We know that in metric spaces, Bolzano-Weierstrass (BW) (each infinite set owns a cluster point) and Borel-Lebesgue (BL) properties are equivalent, i.e. compactness and countably compactness are equivalent (and also sequential compactness).

In the set of real numbers $\mathbb{R}$, the BW theorem is often written : "Any bounded infinite set has a cluster point". So according to the equivalence, we can say that in $\mathbb{R}$, "any bouded set verifies (BL)", which is not true because we know that only bounded and closed sets do...

Can you help me to find where I am wrong among this...?
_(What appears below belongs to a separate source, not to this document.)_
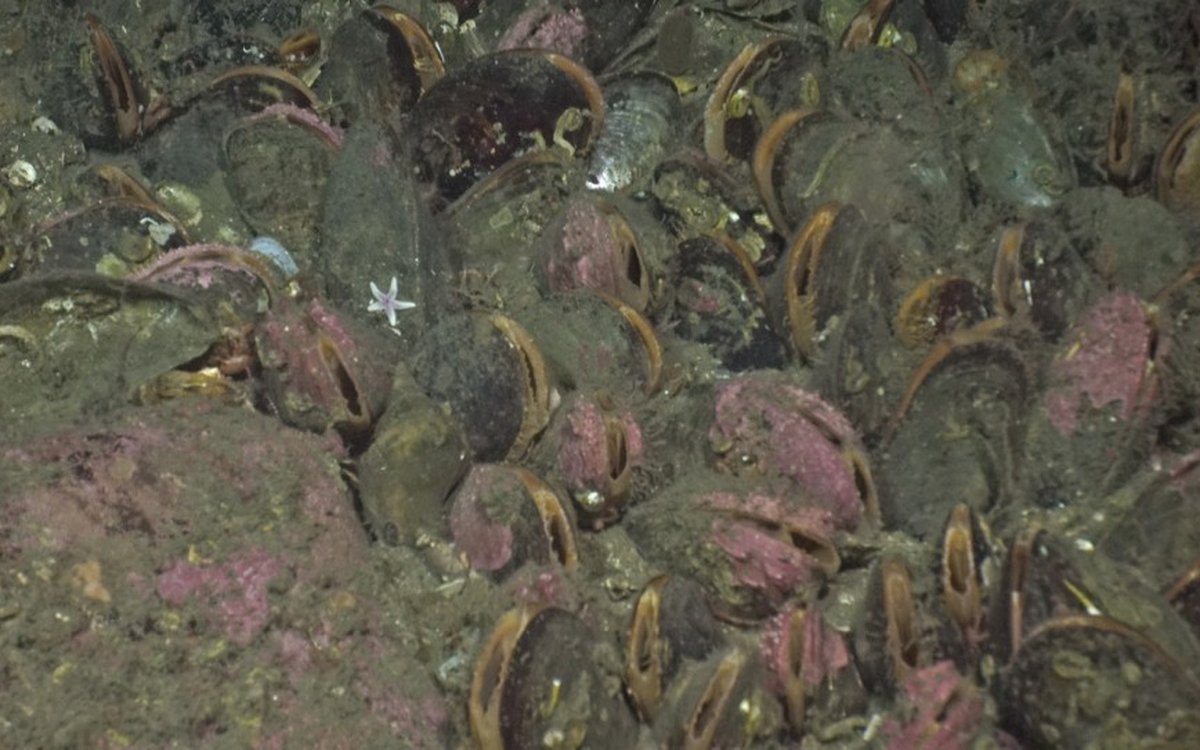 Photo of a lot of mussels and stones covering the sea floor.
EDIT : to be more precise, here is the wrong reasoning:

"In $\mathbb{R}$, the collection of all infinite bounded sets verifies the (BW) property; since this property is equivalent to the (BL) property and since this one means compactness, all infinite bounded sets is compact."

Answer 1

A sequence of points in a bounded but not closed subset will have a cluster point in $\mathbb R$, but the cluster point may fail to be a member of the subset -- so it is not necessarily sequentially compact.

Answer 2

OK, thanks to Henning Makholm, I realized my mistake. The definition of a cluster point refers to a subset $E$ of a topological space $X$, whereas the notion of compactness refers to the topology in itself, i.e. $E$ is a compact set ("of $X$") if and only if it is compact as a topological space for the topology of subspace. Hence, for compactness, the (BW) property must be studied from the viewpoint of the topological space, and not from the viewpoint of $E$ being a subset of $X$.

For example, in $X=\mathbb{R}$, it is true that any infinite subset of $E=]0,1]$ has a cluster point in $X$, even the infinite subset $A=\{\frac{1}{n} / n\in\mathbb{N^*}\}$ which has $0$ as cluster point in $X$. So $E$ verifies in $X$ the property that lies in (BW), but $E$ is not compact (or "is not a compact subset of $X$") because as a topological space, $E$ doesn't fulfil (BW) since the infinite set $A$ has no cluster point in $E$.